On 11 December 2006, Sir Liam McCollum in the Northern Ireland High Court ruled in the J&A Developments case that, once incorporated in the tender documentation, the principles of the National Joint Consultative Committee (NJCC) code of procedure for single stage selective tendering become contractually binding, even though the code is, on the face of it, merely advisory in character. The case therefore enlarges the rights of tendering contractors substantially. Earlier case law had restricted these rights severely, arguably confining them to public procurement agreements only.
The J&A Developments decision The facts of the case were as follows. A building contractor – J&A Developments Ltd (J&A) – tendered for the construction of factory premises to be built for the defendants, Edina Ltd and Armoura Ltd. The schedule to the tender documentation expressly said that the tender process would be in accordance with the principles of the NJCC code.
J&A produced the lowest tender but this was still too high for the defendants’ liking. In an effort to effect a saving, the defendants called J&A in for a meeting, which was to be swiftly followed by meetings with the next two lowest tenderers. J&A refused to budge on their price, unless any reduction was linked to a reduced specification. In the light of this decision, the defendants proceeded to employ one of the other contractors, who were willing to drop their price.
J&A subsequently issued proceedings, alleging that the employers’ actions amounted to a breach of contract and, specifically, to a breach of the NJCC code. They relied primarily on clause 7.1 of the code which ‘strongly deplores’ renegotiation of the lowest tender in the absence of a reduction in the specification. J&A further argued that if the principles of the code had been followed properly, they would have been the successful tenderer. Accordingly, they claimed damages comprising their loss of profit. Not surprisingly, the defendants did not accept that the principles of the code were contractually binding. As an alternative line of defence, they claimed an indemnity from their appointed architects, ADP, who had incorporated the NJCC code into the process in the first place.

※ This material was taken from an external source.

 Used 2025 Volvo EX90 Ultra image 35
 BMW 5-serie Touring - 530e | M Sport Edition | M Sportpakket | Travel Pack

ADP refused to give the requested indemnity, saying they had acted properly and in accordance with a respectable body of opinion within their profession. Significantly, in a joint minute compiled by the architectural experts, it was accepted that no competent architect could have said authoritatively that the procedure followed by the defendants would have resulted in legal liability. Sadly for the defendants, Sir Liam decided that the NJCC code did have binding effect, and that consequently J&A were entitled to their loss of profit (quantified at £128,000). At the same time, he dismissed the third party proceedings against ADP, partly because of the conclusions reached by the expert architects in the joint minute, and partly because (on a factual assessment of the evidence) he concluded that the defendants would not have complied with a warning, even if they had been given one.
Implications of the case
The implications of this case are potentially far-reaching – especially for employers who can only wait and see if they are sued. The most obvious risk is that a firm of building contractors which is aggrieved at losing out in a tender competition may revisit its archives to determine if the tender process incorporated the NJCC code or its successor code issued by the International Council for Research and Innovation in Building and Construction (the CIB). If the process has incorporated the code, then (subject to the limitation period) the firm may well think it worth making a claim for loss of profits.
As far as architects are concerned, the best course now is (1) to review the current practice of incorporating tender codes, particularly in the absence of express client consent; and/or (2) to issue (preferably written) warnings to the client about the legal consequences of departing from the code.